Я с нетерпением ждал святок. Когда в конце декабря я бегал по утрам в гимназию, видел в магазинах сотни блестящих игрушек и украшений, приготовленных для елок, видел на базаре целые обозы с этими зелеными, загубленными для праздника елочками, а в мясных рядах — целые горы мерзлых свиных туш, поросят и битой, ощипанной птицы, я с радостью говорил себе:

— Ну, теперь уж близко праздник! Скоро настоящая зима кончится, и дело пойдет на весну. Я на целые две недели уеду в деревню и буду там встречать начало весны.

И мне казалось, что только в деревне и можно заметить, что начинается весна. Мне казалось, что только там бывают настоящие светлые, солнечные дни. И правда, ведь в городе мы забываем о солнце, редко видим небо, а больше любуемся на вывески да на стены домов.

И вот, наконец, наступал давно желанный, радостный день. Вечером вдруг раздавался звонок в сенях нашей квартиры, я стремглав бежал в прихожую и наталкивался там на высокого человека в большой енотовой шубе. Воротник этой шубы и шапка на голове высокого человека были в инее.

— Папочка! — взвизгивал я в восторге.
— Уйди, уйди, я — холодный, — говорил отец весело, и действительно, от него так хорошо пахло морозной свежестью, снегом и зимним воздухом.

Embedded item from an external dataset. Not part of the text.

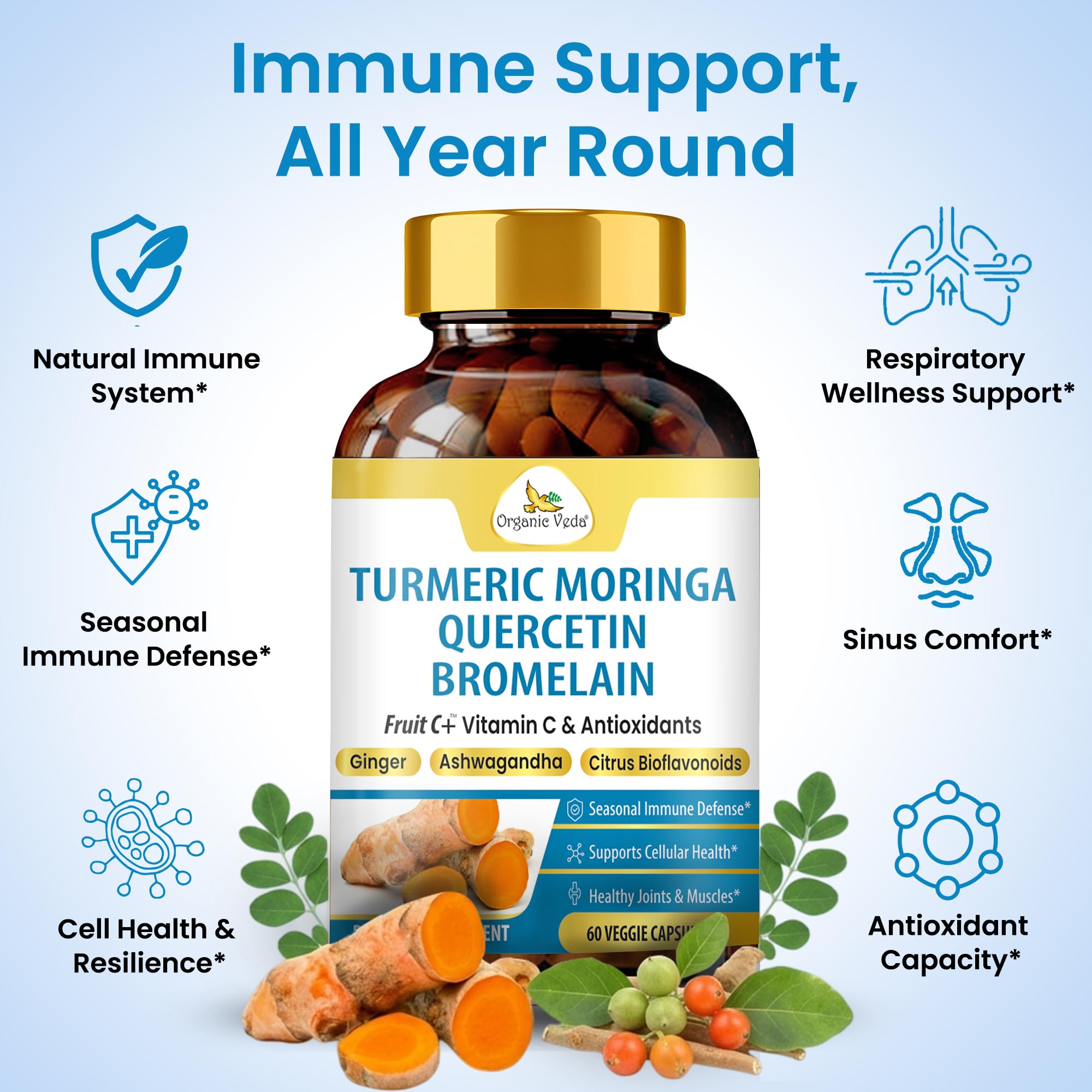 Organic Veda Turmeric Moringa Quercetin with Bromelain Capsules - Fruit C+ Vitamin C Antioxidants Immune System & Respiratory Supplement - Ashwagandha, Ginger, Citrus Bioflavonoids, 60 Vegan Capsule Organic Veda buy supplements canada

Весь этот вечер я не отходил от отца. Никогда я не любил его так, как в эти вечера, никогда не засыпал так сладко!

Я засыпал, упоенный мечтами о завтрашнем путешествии в деревню, и правда — это было веселое путешествие! Поезд быстро бежит среди ровных снежных полей, вагон озарен утренним солнцем. Белый дым волнующимися клубами плывет перед окнами, плавно упадает и стелется по снегу около дороги, а по вагону ходят широкие тени. Свет солнца от этого то будто меркнет, то снова врывается в окна яркими, янтарными полосами... Даже весело то, что в вагоне так много народу, так тесно и шумно!
Но вот и одинокая, знакомая станция среди пустынных полей. Тихо-тихо в полях после грохота поезда! Откинешься в задок саней, прикроешь глаза — и только покачиваешься и слышишь, как заливается колокольчик над тройкой, запряженной в протяжку, как визжат и постукивают на ухабах полозья. Коренник сеет иноходью, передние поджарые лошади, пофыркивая, несутся вскачь, комья снегу бьют в передок, а около саней, быстро-быстро, как змея, вьется длинный кнут кучера. Обернешься — и кажется, что полоса дороги выскальзывает из-под полозьев, бежит назад, в ровное снежное поле...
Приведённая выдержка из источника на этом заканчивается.